Exercise details
Return exactly the lines below, starting with the one that has "I wanted to" and going on through the one that has "A lot of you".
------------------------------------
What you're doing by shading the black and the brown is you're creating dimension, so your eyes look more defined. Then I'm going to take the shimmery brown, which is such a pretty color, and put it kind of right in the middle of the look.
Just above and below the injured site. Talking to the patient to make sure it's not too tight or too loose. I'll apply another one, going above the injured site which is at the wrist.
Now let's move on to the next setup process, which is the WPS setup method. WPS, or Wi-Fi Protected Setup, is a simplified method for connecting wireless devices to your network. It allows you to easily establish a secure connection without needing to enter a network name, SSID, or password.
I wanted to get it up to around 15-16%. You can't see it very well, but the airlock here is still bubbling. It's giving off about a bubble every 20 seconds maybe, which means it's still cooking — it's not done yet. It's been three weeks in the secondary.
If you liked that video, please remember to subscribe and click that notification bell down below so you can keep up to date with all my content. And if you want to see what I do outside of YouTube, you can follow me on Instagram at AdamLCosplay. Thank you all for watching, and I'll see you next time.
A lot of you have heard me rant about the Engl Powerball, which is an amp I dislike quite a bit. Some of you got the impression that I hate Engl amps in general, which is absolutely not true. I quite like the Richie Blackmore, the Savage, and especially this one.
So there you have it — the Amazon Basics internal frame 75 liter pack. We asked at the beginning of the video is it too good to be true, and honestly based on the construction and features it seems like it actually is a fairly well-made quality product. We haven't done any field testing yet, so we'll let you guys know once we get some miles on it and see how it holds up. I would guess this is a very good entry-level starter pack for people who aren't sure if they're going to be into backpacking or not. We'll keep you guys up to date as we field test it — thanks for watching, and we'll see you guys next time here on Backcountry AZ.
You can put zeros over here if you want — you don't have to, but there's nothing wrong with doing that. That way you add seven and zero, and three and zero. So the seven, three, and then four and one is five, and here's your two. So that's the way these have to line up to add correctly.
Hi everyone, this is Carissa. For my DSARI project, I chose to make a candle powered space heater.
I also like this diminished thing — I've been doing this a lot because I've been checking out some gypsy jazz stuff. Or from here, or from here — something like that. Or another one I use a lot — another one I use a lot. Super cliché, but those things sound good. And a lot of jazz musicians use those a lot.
------------------------------------
Exercise solution
I wanted to get it up to around 15-16%. You can't see it very well, but the airlock here is still bubbling. It's giving off about a bubble every 20 seconds maybe, which means it's still cooking — it's not done yet. It's been three weeks in the secondary.
If you liked that video, please remember to subscribe and click that notification bell down below so you can keep up to date with all my content. And if you want to see what I do outside of YouTube, you can follow me on Instagram at AdamLCosplay. Thank you all for watching, and I'll see you next time.
A lot of you have heard me rant about the Engl Powerball, which is an amp I dislike quite a bit. Some of you got the impression that I hate Engl amps in general, which is absolutely not true. I quite like the Richie Blackmore, the Savage, and especially this one.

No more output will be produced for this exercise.